SÃO PAULO, SP (FOLHAPRESS) – As regras impostas nos últimos anos para tentar atenuar as desigualdades na política brasileira tiveram pouco impacto na diversidade dos legislativos municipais eleitos no domingo (6) pelo país.
Dos quase 58.422 candidatos escolhidos para o cargo de vereador, 46% se declaram pretos ou pardos, e apenas 18% são mulheres, um crescimento de apenas 1 e 2 pontos percentuais, respectivamente em relação ao pleito de 2020.
Há quatro anos, os negros somavam 45% dos eleitos e, em 2016, eram 42%. Os brancos ainda ocupam 53% do total de cadeiras, um ponto a menos do que no pleito passado, e amarelos e indígenas são 0,4% cada grupo percentual que também variou pouco em relação à última eleição.
A divisão não reflete a população do país, na qual pretos e pardos somam 56%, segundo dados do IBGE (Instituto Brasileiro de Geografia e Estatística. Os dois grupos foram também 53% dos candidatos que tentaram uma vaga em 2024.
Existem 260 municípios em que negros são 100% da Casa. Dentre as cidades em que eles ocupam a maioria das cadeiras, a maioria se localiza no Nordeste e possui menos de 73 mil eleitores, como é o caso de Central (BA) e Araguanã (MA).
Na contramão, 626 municípios não terão nenhum vereador autodeclarado preto ou pardo em 2025, o equivalente a 11% do total.
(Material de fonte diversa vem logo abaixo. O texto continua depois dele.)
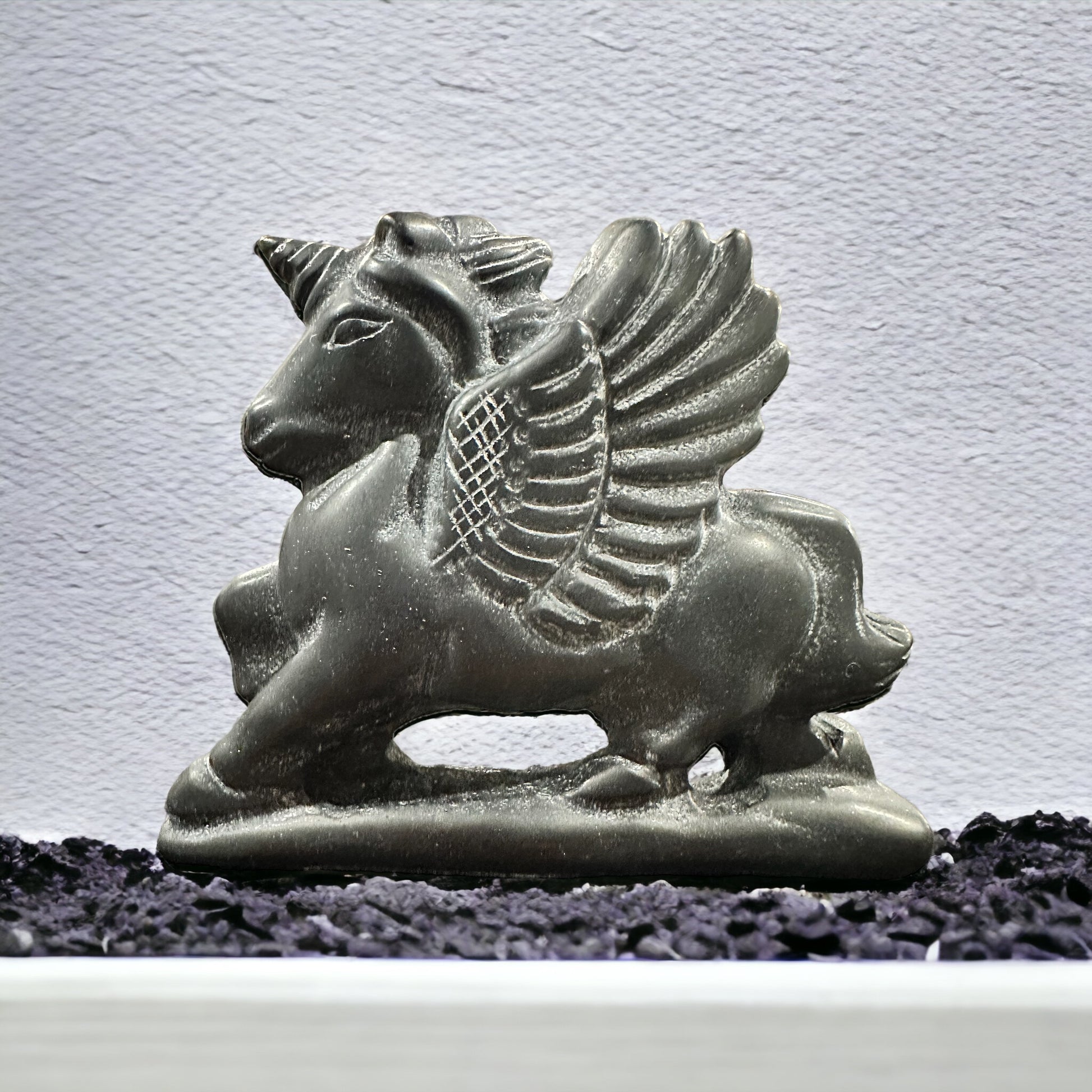 Unicorn / Pegasus crystal carving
Quando levado em conta também o gênero, o fosso da desigualdade fica ainda mais profundo: as mulheres pretas ou pardas são apenas 8% dentro dos 47% negros que conquistaram uma vaga.
No total, o número de mulheres eleitas para os legislativos municipais no país subiu de 16% para 18% das cadeiras disponíveis, em comparação a 2020. Em números absolutos, são 10.644 vereadoras e 47.750 vereadores a ocupar uma cadeira.
A parcela fica longe da proporção de candidatas para esta eleição que era de 35% e ainda mais distante quando levada em conta a proporção de 51,5% de mulheres na população geral do país.
Apesar de todos os municípios do país terem registrado candidatas, 13% (738) não tiveram nenhuma eleita. Entre eles, estão Mauá (SP), Nova Iguaçu (RJ), Palhoça (SC) Sumaré (SP), e Suzano (SP), que não terão nenhuma vereadora a partir do ano que vem.
Na contramão do que acontece nessas cidades, a Câmara Municipal de São Paulo, a maior do país, será mais diversa e contará com mais mulheres e negros na legislatura que começa em 2025, se comparada com a que iniciou em 2021.
Pesquisa Datafolha realizada em julho mostrou que mais de 60% dos eleitores consideravam insuficientes os números de vereadores mulheres e negros em São Paulo, Rio, Belo Horizonte e Recife. Ao mesmo tempo, cerca de 8 em cada 10 responderam na ocasião que o gênero e a cor de um candidato não faria diferença na hora de escolher um prefeito nestas eleições.
Em 2020, decisão do STF (Supremo Tribunal Federal) obrigou os partidos a dividir seu bilionário fundo eleitoral e seu tempo de propaganda de maneira proporcional ao número de candidatos negros e brancos. Na disputa de 2022, por exemplo, pretos e pardos deveriam ter recebido 50% de R$ 5 bilhões.
Mas a determinação foi descumprida generalizadamente pelos partidos, que se articularam para aprovar a chamada PEC da Anistia em agosto deste ano, em um plenário esvaziado. O texto que acabou sendo votado reduziu as cotas financeiras para negros para 30%, percentual já válido nas eleições deste ano.
Também perdoou os débitos dos partidos que não cumpriram o valor mínimo nas eleições passadas e determinou que esses recursos sejam investidos em candidaturas de negros nas quatro eleições a serem realizadas a partir de 2026.
O texto final da PEC acabou não tratando do caso das mulheres, portanto permanece a determinação de que elas devem ser 30% das candidatas e receber os recursos de campanha de maneira proporcional à sua presença.
Para o cientista político e professor da UFBA (Universidade Federal da Bahia) Cloves Oliveira, o grande funil que limita o aumento de candidatos negros e mulheres nas casas legislativas deve-se ao fato de que “as variáveis gênero e raça precisam hoje rivalizar com a variável política ideológica partidária”.
Mesmo diante do aumento estatístico pequeno na proporção de negros e mulheres nas casas legislativas nesta eleição, Oliveira avalia que isso não inviabiliza e mostra a “necessidade da politização das discussões de gênero e de raça” na disputa pelas Câmaras.
“É uma política de presença. Cada indivíduo eleito desses grupos muda a simbologia desses quadros.”